== AIM OF THE TASK ==
Set down every line of the data exactly, skipping the pictures.

== PROVIDED MATERIAL ==

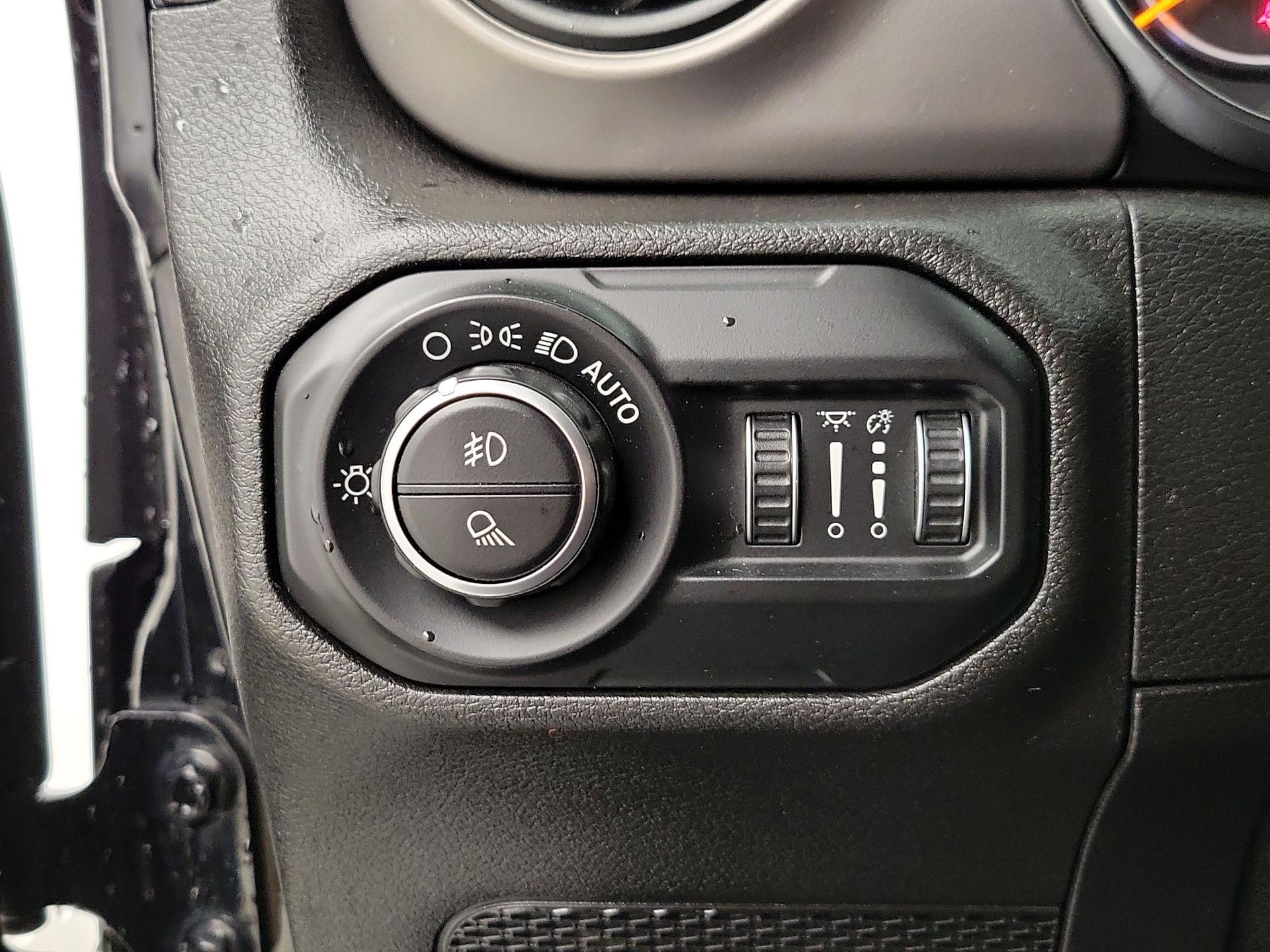 Thumbnail: 2020 Jeep Gladiator - 13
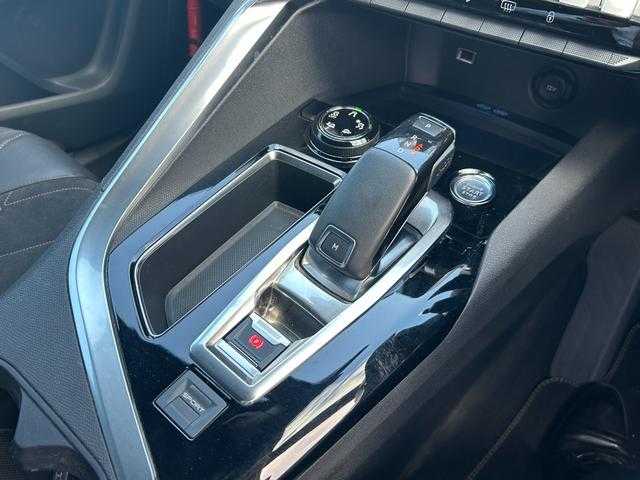 プジョー ５００８ GT ブルーHDi 埼玉県 2019(令1)年 4.8万km 黒 黒ハーフレザーシート /純正ナビ /リアモニター /アンビエンスライト /BSM /Apple Car Play /オートクルーズコントロール /全周囲カメラ /レーンキープアシスト /グリップコントロールシステム /パワーバックドア /ETC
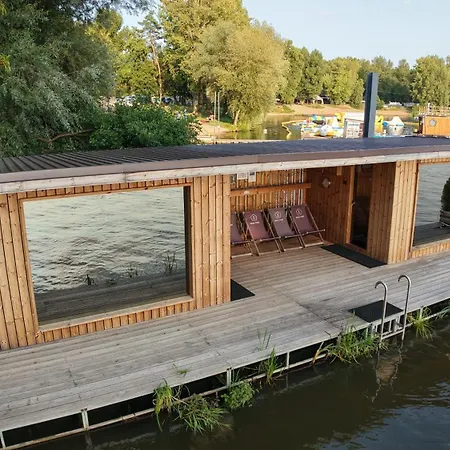 House Boat S Výhledem Na Wake Port Botel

== EXERCISE RESPONSE ==
 Thumbnail: 2020 Jeep Gladiator - 13
 プジョー ５００８ GT ブルーHDi 埼玉県 2019(令1)年 4.8万km 黒 黒ハーフレザーシート /純正ナビ /リアモニター /アンビエンスライト /BSM /Apple Car Play /オートクルーズコントロール /全周囲カメラ /レーンキープアシスト /グリップコントロールシステム /パワーバックドア /ETC
 House Boat S Výhledem Na Wake Port Botel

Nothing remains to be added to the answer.